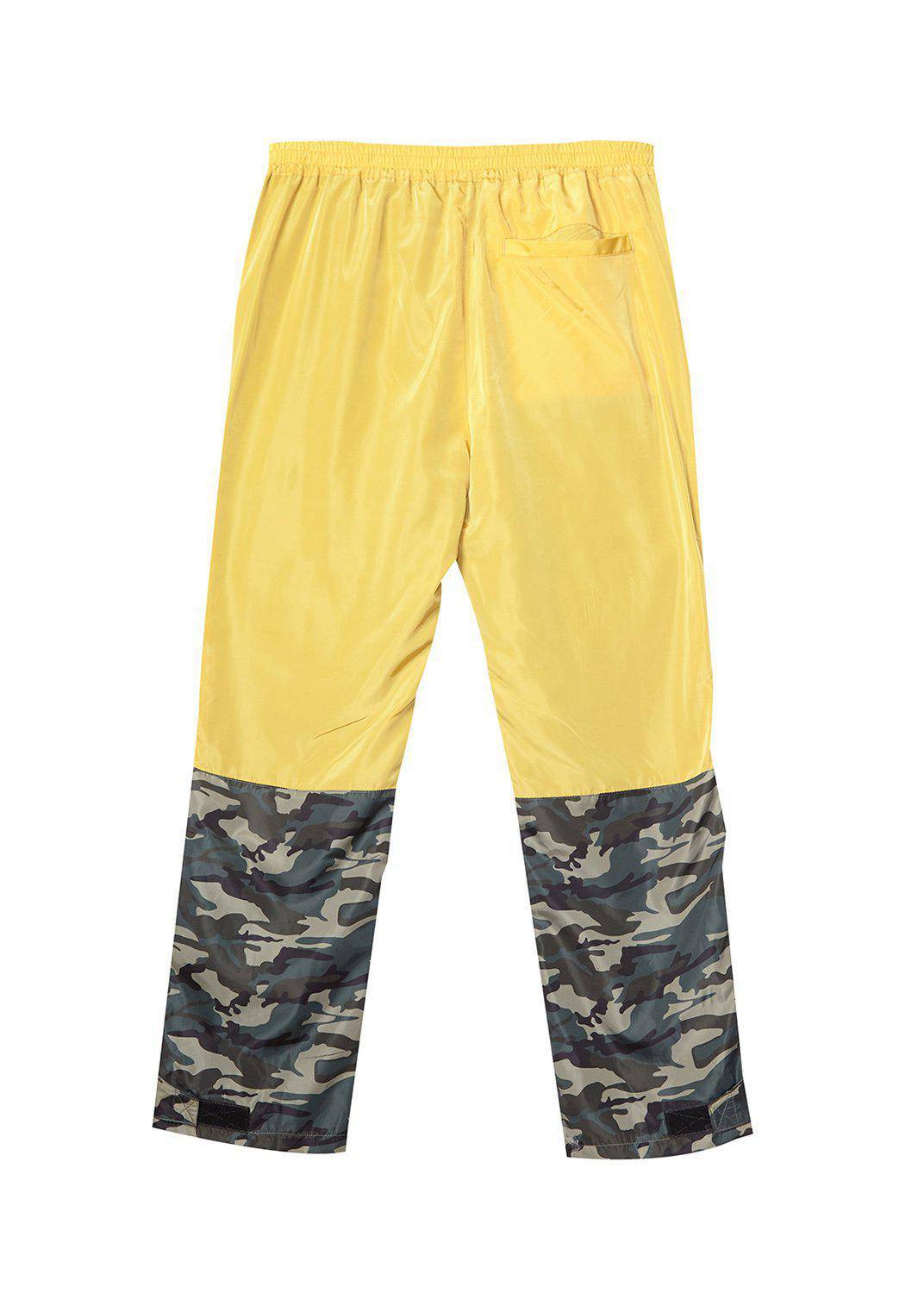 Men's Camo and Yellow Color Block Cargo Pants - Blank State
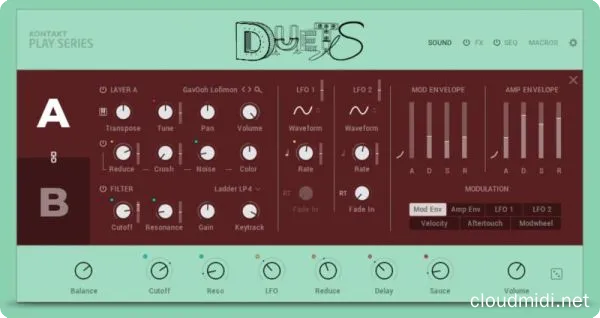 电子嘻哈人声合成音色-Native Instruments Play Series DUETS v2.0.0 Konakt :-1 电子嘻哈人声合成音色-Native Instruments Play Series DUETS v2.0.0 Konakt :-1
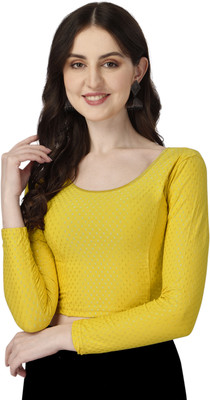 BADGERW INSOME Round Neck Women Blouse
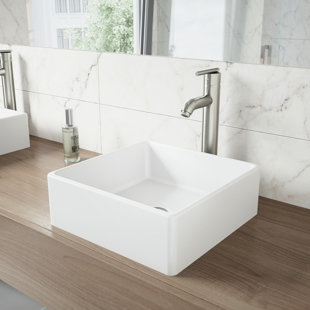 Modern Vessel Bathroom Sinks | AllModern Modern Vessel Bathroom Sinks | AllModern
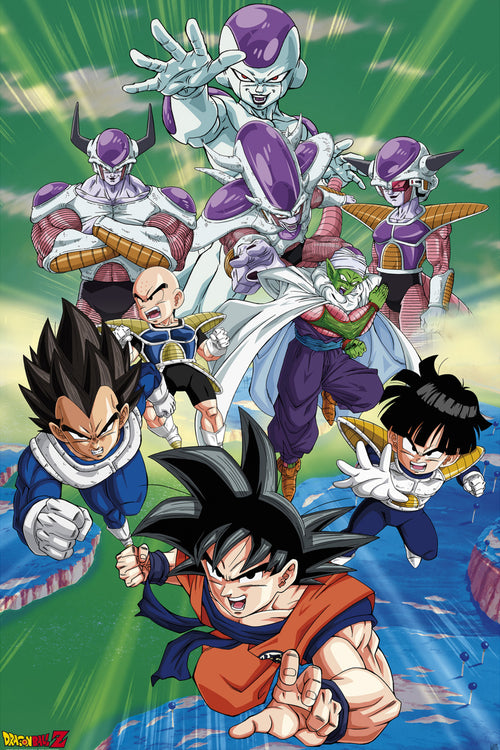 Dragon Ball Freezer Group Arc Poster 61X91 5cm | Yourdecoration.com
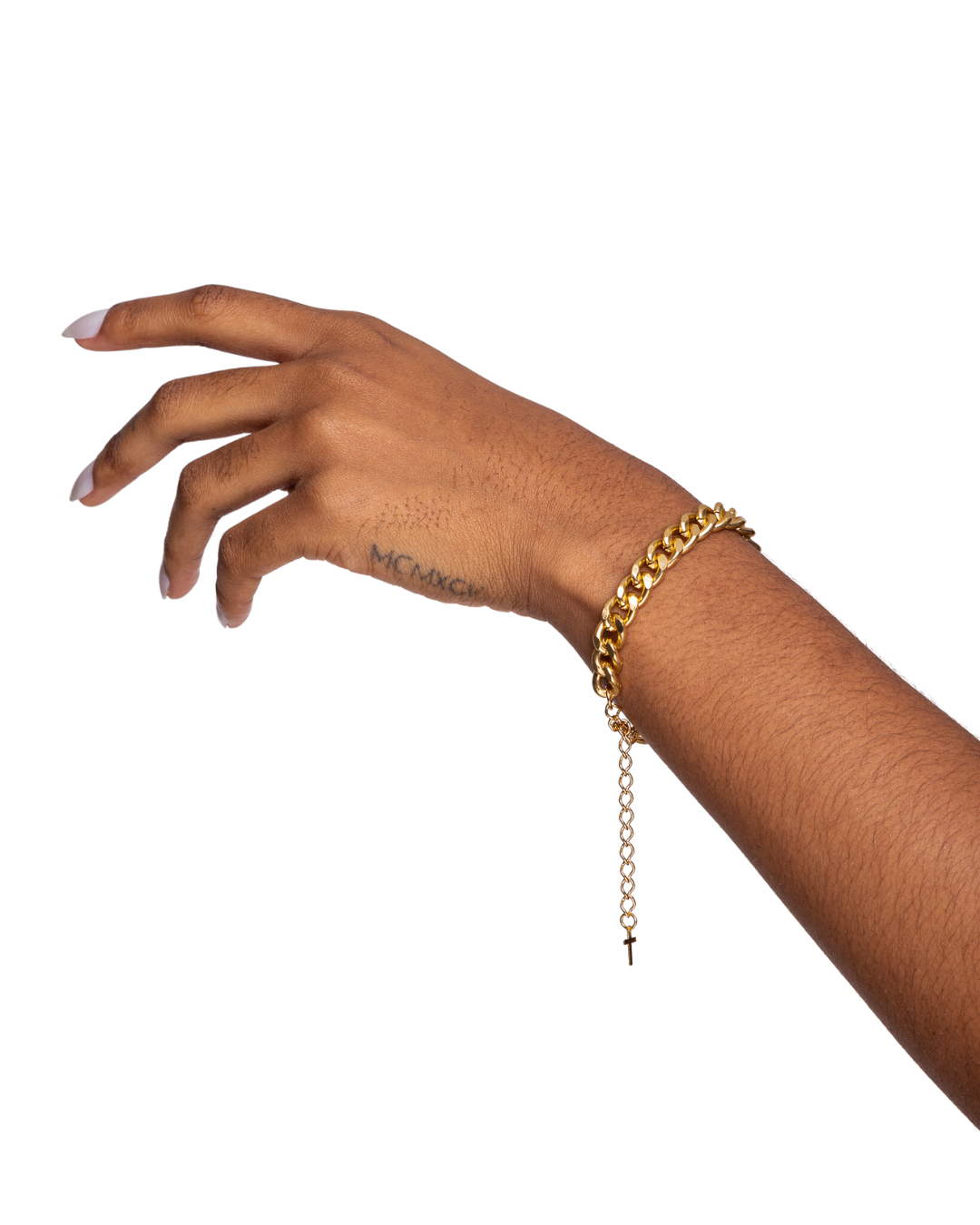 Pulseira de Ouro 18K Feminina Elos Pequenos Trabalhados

## [Problem to solve]
A word-for-word copy of the listing is the goal; keep every picture out of it.

## [Answer to this problem]
 Men's Camo and Yellow Color Block Cargo Pants - Blank State
 电子嘻哈人声合成音色-Native Instruments Play Series DUETS v2.0.0 Konakt :-1 电子嘻哈人声合成音色-Native Instruments Play Series DUETS v2.0.0 Konakt :-1
 BADGERW INSOME Round Neck Women Blouse
 Modern Vessel Bathroom Sinks | AllModern Modern Vessel Bathroom Sinks | AllModern
 Dragon Ball Freezer Group Arc Poster 61X91 5cm | Yourdecoration.com
 Pulseira de Ouro 18K Feminina Elos Pequenos Trabalhados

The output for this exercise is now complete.